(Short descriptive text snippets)
=== Begin Enclosure ===

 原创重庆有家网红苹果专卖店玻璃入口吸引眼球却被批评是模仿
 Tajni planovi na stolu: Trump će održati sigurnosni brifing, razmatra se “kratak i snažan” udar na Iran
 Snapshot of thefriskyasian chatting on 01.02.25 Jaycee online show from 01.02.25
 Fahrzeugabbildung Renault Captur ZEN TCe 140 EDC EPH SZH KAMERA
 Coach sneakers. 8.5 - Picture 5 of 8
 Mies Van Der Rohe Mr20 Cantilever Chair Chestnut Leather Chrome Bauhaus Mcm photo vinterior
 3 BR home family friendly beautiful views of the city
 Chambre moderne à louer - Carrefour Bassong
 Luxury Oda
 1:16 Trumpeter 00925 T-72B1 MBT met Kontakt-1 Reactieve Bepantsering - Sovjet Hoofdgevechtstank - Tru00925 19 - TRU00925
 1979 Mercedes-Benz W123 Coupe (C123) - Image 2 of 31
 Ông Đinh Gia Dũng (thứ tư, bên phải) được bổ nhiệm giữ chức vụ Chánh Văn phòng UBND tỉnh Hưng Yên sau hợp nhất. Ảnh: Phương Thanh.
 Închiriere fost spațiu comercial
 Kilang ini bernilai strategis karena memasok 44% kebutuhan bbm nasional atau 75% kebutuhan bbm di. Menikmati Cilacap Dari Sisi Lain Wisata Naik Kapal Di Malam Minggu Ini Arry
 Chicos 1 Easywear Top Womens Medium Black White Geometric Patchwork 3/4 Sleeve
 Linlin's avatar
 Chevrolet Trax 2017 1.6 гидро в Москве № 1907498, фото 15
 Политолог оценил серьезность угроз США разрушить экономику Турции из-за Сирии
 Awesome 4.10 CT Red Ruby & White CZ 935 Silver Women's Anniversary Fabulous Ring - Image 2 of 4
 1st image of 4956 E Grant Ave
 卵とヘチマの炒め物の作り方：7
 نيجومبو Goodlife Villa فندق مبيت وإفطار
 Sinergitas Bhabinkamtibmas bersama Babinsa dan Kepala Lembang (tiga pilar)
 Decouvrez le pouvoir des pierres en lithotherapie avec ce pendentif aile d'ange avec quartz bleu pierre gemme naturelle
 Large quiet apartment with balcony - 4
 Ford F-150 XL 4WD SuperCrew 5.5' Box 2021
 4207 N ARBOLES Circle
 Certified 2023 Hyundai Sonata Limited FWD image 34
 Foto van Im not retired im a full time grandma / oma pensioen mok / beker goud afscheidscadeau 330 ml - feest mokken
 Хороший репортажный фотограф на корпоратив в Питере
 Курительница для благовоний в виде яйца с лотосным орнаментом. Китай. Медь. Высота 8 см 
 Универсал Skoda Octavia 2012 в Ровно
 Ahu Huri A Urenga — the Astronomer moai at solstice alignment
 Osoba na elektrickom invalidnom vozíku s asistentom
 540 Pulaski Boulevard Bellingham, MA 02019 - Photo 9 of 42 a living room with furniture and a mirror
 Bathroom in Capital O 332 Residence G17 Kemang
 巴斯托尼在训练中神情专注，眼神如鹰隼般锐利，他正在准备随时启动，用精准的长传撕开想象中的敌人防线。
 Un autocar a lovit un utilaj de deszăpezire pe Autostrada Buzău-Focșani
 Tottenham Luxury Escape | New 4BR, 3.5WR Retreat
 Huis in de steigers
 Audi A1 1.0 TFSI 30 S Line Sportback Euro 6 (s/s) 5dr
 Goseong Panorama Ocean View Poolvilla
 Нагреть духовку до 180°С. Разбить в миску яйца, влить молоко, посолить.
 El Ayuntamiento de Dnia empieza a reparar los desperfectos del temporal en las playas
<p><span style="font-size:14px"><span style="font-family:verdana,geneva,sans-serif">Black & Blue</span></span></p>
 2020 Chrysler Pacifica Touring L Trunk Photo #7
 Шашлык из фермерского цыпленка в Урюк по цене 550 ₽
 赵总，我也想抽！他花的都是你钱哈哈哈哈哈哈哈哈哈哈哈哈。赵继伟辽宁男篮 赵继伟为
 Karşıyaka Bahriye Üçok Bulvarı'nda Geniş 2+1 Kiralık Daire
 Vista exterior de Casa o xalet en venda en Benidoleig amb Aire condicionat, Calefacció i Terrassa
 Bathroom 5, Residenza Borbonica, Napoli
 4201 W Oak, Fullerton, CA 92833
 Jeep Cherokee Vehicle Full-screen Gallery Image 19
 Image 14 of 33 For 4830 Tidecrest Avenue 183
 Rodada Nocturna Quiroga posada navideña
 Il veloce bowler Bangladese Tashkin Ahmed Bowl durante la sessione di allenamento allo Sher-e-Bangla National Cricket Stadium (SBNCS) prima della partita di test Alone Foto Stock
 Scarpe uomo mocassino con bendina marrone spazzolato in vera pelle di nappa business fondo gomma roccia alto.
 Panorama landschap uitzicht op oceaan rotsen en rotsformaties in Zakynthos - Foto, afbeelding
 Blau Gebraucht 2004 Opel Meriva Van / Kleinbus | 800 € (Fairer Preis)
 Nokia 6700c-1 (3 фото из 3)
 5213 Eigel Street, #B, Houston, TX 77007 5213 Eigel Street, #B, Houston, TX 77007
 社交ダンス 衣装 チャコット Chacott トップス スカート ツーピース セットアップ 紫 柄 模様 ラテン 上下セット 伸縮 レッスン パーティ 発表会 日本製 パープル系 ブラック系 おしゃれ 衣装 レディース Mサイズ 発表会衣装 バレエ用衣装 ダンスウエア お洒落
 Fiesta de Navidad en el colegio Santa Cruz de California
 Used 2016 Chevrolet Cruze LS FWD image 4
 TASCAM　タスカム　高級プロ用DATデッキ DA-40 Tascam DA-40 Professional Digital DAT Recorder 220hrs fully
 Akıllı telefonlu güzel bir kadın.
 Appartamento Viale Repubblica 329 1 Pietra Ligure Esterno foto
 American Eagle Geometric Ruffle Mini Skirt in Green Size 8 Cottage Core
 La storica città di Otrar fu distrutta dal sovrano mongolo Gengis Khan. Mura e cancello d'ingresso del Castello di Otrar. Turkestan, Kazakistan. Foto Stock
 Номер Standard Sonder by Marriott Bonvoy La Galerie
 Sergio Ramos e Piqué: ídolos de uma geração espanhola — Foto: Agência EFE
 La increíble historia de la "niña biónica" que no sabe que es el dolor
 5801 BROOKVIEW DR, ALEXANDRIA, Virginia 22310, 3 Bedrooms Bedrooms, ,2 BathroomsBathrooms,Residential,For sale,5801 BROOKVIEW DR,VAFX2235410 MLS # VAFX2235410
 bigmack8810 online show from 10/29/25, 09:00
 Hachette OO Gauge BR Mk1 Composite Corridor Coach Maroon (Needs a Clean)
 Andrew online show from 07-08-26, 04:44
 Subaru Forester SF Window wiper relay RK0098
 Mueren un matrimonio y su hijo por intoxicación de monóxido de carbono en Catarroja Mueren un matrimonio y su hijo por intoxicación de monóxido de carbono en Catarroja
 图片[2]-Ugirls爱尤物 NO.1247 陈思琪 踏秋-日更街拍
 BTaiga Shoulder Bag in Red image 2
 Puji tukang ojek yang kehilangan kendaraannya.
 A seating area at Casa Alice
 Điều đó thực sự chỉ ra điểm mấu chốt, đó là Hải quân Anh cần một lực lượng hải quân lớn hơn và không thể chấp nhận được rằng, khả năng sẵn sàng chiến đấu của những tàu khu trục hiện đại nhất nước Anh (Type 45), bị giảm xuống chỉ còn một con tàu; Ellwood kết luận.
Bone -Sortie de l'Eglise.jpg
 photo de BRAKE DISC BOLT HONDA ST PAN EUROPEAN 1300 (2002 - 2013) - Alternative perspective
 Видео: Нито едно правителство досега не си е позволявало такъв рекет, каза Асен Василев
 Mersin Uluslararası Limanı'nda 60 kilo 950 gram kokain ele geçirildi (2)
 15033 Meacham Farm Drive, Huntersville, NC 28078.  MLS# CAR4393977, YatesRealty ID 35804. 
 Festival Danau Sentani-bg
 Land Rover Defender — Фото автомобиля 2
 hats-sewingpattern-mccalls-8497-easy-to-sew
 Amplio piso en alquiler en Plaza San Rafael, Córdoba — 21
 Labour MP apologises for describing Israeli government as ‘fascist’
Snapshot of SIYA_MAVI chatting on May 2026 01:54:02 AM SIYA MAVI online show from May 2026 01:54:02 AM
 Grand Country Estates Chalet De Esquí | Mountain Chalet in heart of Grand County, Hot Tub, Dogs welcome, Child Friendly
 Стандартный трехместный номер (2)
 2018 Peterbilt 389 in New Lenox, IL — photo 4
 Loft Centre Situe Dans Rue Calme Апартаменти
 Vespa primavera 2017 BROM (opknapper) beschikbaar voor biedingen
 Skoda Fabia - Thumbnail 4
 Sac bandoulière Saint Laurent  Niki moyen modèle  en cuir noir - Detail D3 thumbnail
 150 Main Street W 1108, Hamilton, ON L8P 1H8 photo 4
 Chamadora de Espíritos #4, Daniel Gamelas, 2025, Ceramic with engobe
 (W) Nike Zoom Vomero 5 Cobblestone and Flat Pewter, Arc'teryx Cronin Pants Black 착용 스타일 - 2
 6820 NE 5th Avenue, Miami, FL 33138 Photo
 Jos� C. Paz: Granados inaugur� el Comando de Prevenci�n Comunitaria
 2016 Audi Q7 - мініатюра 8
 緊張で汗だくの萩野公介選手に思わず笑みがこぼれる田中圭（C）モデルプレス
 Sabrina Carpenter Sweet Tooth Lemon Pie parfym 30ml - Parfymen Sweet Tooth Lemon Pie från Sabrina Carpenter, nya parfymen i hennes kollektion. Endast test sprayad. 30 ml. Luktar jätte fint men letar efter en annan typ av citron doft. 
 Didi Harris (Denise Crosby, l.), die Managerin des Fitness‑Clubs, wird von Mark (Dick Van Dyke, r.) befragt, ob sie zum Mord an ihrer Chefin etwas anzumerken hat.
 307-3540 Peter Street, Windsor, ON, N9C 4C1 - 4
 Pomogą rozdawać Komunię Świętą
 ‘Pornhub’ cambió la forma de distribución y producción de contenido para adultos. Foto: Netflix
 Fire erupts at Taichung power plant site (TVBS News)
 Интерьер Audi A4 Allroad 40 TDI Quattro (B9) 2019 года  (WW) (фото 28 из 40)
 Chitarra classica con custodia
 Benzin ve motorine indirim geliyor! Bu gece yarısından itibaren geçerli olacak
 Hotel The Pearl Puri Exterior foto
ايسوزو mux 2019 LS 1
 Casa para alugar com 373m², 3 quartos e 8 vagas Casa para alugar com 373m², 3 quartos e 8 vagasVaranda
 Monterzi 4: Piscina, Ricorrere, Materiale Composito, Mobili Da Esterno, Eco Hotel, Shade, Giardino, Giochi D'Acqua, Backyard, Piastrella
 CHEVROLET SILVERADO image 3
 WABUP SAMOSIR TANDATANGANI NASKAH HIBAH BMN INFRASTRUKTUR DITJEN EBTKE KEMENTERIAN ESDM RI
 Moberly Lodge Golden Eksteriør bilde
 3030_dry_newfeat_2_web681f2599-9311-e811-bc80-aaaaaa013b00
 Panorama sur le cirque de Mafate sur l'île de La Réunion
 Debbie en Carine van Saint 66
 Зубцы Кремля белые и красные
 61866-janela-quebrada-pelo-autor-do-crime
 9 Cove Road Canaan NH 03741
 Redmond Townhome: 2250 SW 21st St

=== End Enclosure ===

▸ Exercise instructions:
All lines above from the one with "Tajni planovi na" to the one with "Osoba na elektrickom", inclusive, should be copied exactly, and no other lines.

▸ Response box:
 Tajni planovi na stolu: Trump će održati sigurnosni brifing, razmatra se “kratak i snažan” udar na Iran
 Snapshot of thefriskyasian chatting on 01.02.25 Jaycee online show from 01.02.25
 Fahrzeugabbildung Renault Captur ZEN TCe 140 EDC EPH SZH KAMERA
 Coach sneakers. 8.5 - Picture 5 of 8
 Mies Van Der Rohe Mr20 Cantilever Chair Chestnut Leather Chrome Bauhaus Mcm photo vinterior
 3 BR home family friendly beautiful views of the city
 Chambre moderne à louer - Carrefour Bassong
 Luxury Oda
 1:16 Trumpeter 00925 T-72B1 MBT met Kontakt-1 Reactieve Bepantsering - Sovjet Hoofdgevechtstank - Tru00925 19 - TRU00925
 1979 Mercedes-Benz W123 Coupe (C123) - Image 2 of 31
 Ông Đinh Gia Dũng (thứ tư, bên phải) được bổ nhiệm giữ chức vụ Chánh Văn phòng UBND tỉnh Hưng Yên sau hợp nhất. Ảnh: Phương Thanh.
 Închiriere fost spațiu comercial
 Kilang ini bernilai strategis karena memasok 44% kebutuhan bbm nasional atau 75% kebutuhan bbm di. Menikmati Cilacap Dari Sisi Lain Wisata Naik Kapal Di Malam Minggu Ini Arry
 Chicos 1 Easywear Top Womens Medium Black White Geometric Patchwork 3/4 Sleeve
 Linlin's avatar
 Chevrolet Trax 2017 1.6 гидро в Москве № 1907498, фото 15
 Политолог оценил серьезность угроз США разрушить экономику Турции из-за Сирии
 Awesome 4.10 CT Red Ruby & White CZ 935 Silver Women's Anniversary Fabulous Ring - Image 2 of 4
 1st image of 4956 E Grant Ave
 卵とヘチマの炒め物の作り方：7
 نيجومبو Goodlife Villa فندق مبيت وإفطار
 Sinergitas Bhabinkamtibmas bersama Babinsa dan Kepala Lembang (tiga pilar)
 Decouvrez le pouvoir des pierres en lithotherapie avec ce pendentif aile d'ange avec quartz bleu pierre gemme naturelle
 Large quiet apartment with balcony - 4
 Ford F-150 XL 4WD SuperCrew 5.5' Box 2021
 4207 N ARBOLES Circle
 Certified 2023 Hyundai Sonata Limited FWD image 34
 Foto van Im not retired im a full time grandma / oma pensioen mok / beker goud afscheidscadeau 330 ml - feest mokken
 Хороший репортажный фотограф на корпоратив в Питере
 Курительница для благовоний в виде яйца с лотосным орнаментом. Китай. Медь. Высота 8 см 
 Универсал Skoda Octavia 2012 в Ровно
 Ahu Huri A Urenga — the Astronomer moai at solstice alignment
 Osoba na elektrickom invalidnom vozíku s asistentom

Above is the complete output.